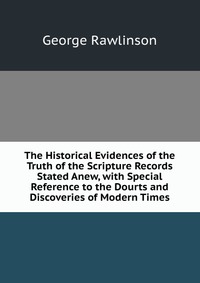 The Historical Evidences of the Truth of the Scripture Records Stated Anew, with Special Reference to the Dourts and Discoveries of Modern Times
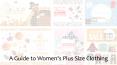 A Guide to Women's Plus Size Clothing - Ladycharmonline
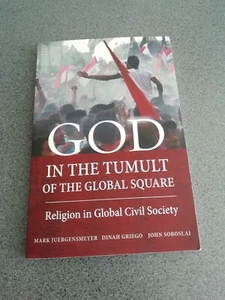 God in the Tumult of the Global Square: Religion in Global Civil Society by John - Picture 1 of 1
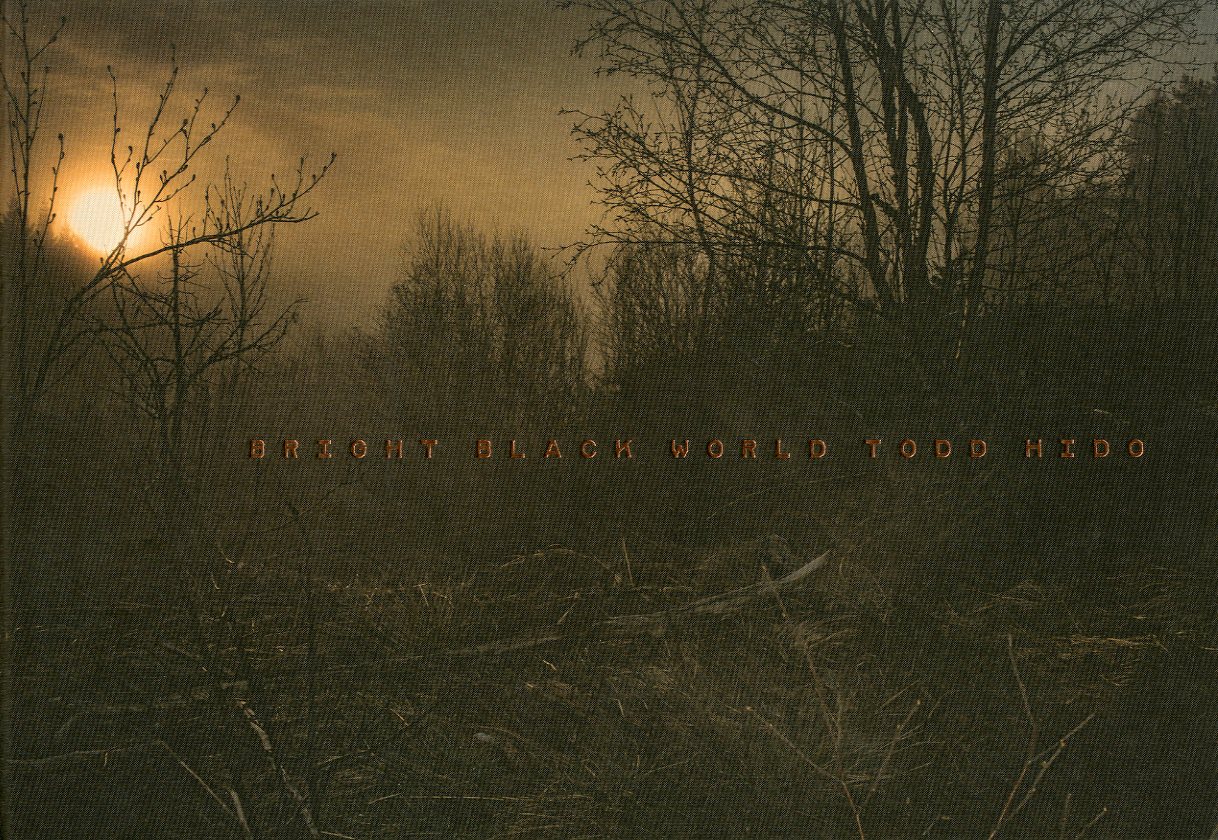 サイン入 / Signed】BRIGHT BLACK WORLD / Todd Hido | 小宮山書店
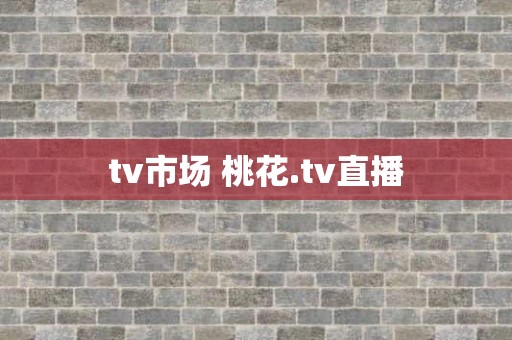 tv市场 桃花.tv直播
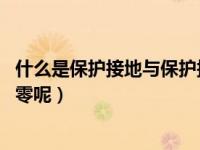 什么是保护接地与保护接零（什么是保护接地 什么是保护接零呢）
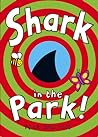 Shark in the Park!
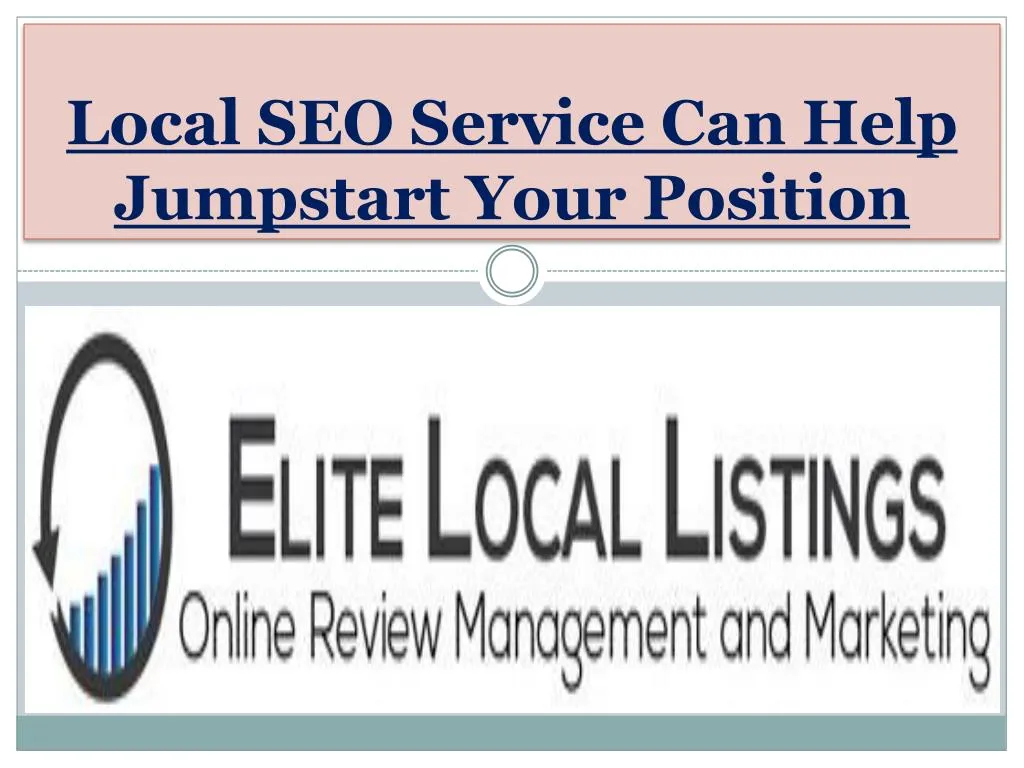 local seo service can help jumpstart your position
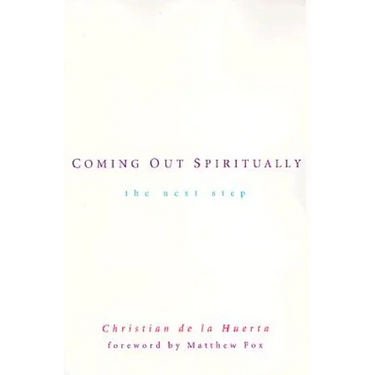 Coming Out Spiritually: The Next Step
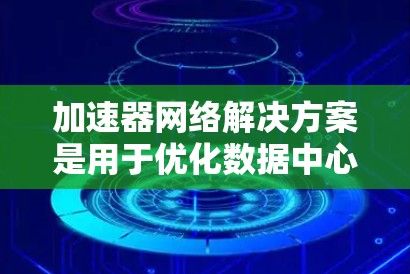 加速器网络解决方案是用于优化数据中心网络性能的先进技术,能够显著提升数据传输速率和网络吞吐量。以下是一些提供加速器网络解决方案的主要商家和产品 加速器网络解决方案是用于优化数据中心网络性能的先进技术,能够显著提升数据传输速率和网络吞吐量。以下是一些提供加速器网络解决方案的主要商家和产品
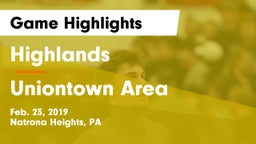 Highlands  vs Uniontown Area  Game Highlights - Feb. 23, 2019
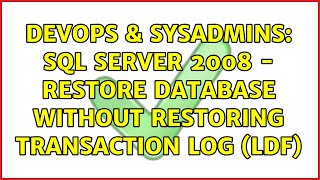 DevOps & SysAdmins: SQL Server 2008 - Restore database without restoring transaction log (LDF)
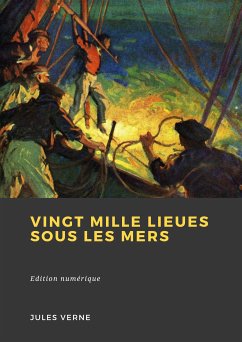 Vingt Mille Lieues sous les mers (eBook, ePUB) - Verne, Jules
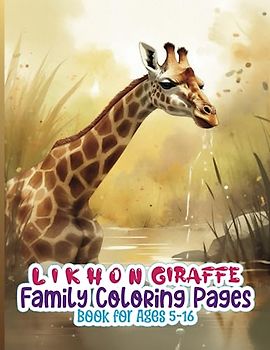 Likhon Giraffe Family Coloring Pages Book for Ages 5-16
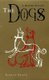 Dogs - A Modern Bestiary (Paperback, New): Rebecca Brown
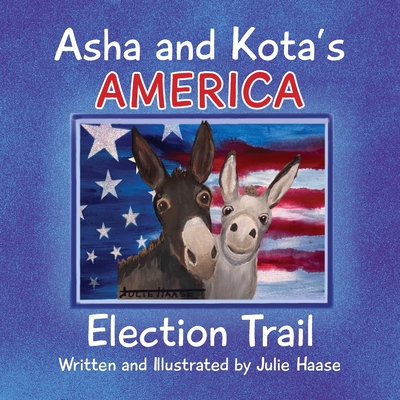 Asha and Kota's America: Election Trail - Haase, Julie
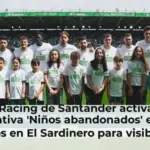 El Racing de Santander activa la iniciativa 'Niños abandonados' en los partidos en El Sardinero para visibilizar la desprotección infantil
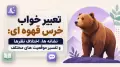 تعبیر خواب خرس قهوه ای: نشانه ها، اختلاف نظرها و تفسیر موقعیت های مختلف
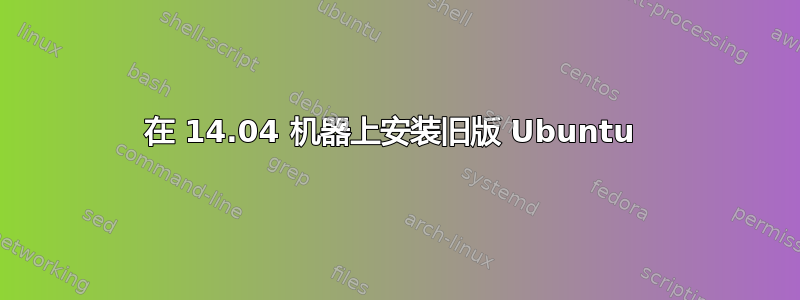 在 14.04 机器上安装旧版 Ubuntu 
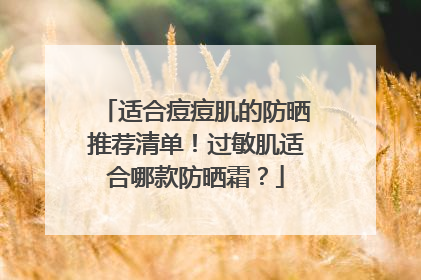 适合痘痘肌的防晒推荐清单！过敏肌适合哪款防晒霜？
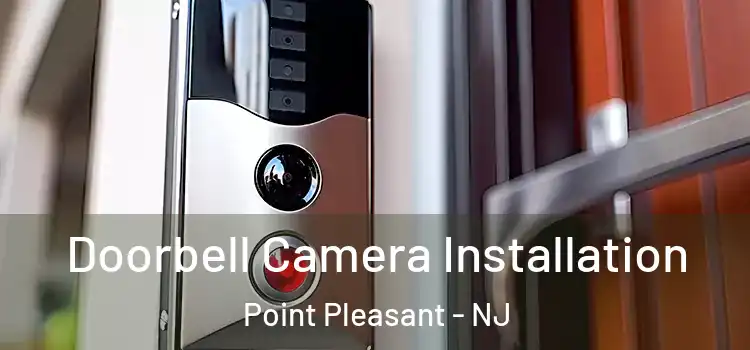  Doorbell Camera Installation Point Pleasant - NJ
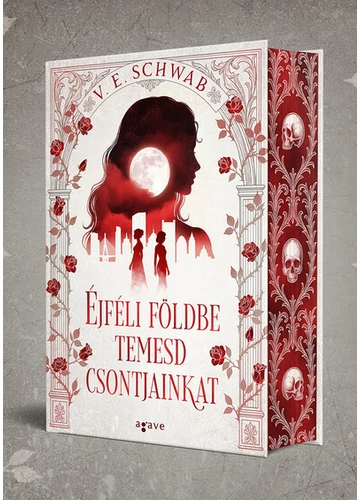 Éjféli földbe temesd csontjainkat (éldekorált) V. E. Schwab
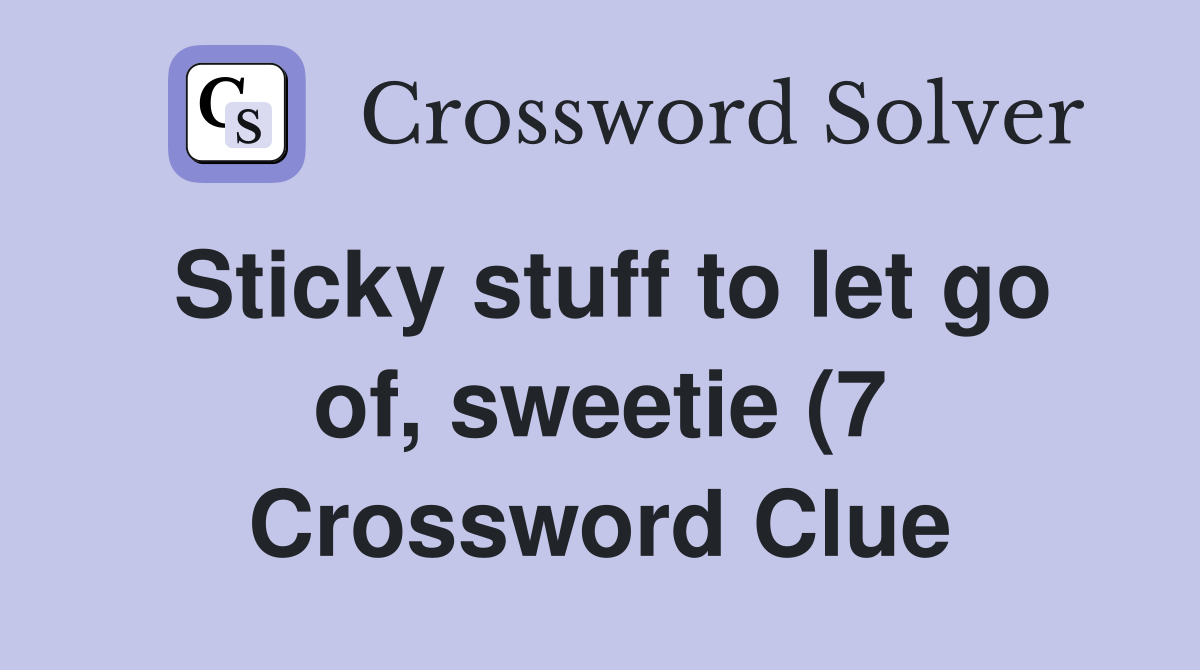 Sticky stuff to let go of sweetie (7) Crossword Clue Answers Sticky stuff to let go of sweetie (7) Crossword Clue Answers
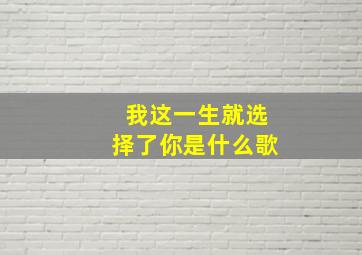 我这一生就选择了你是什么歌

• **INSTRUCTIONS TO FOLLOW**
What is the exact wording of the lines from the one bearing "Doorbell Camera Installation" through the final line of the records above? Write it out without the pictures.

• **TASK RESPONSE**
  Doorbell Camera Installation Point Pleasant - NJ
 Éjféli földbe temesd csontjainkat (éldekorált) V. E. Schwab
 Sticky stuff to let go of sweetie (7) Crossword Clue Answers Sticky stuff to let go of sweetie (7) Crossword Clue Answers
 我这一生就选择了你是什么歌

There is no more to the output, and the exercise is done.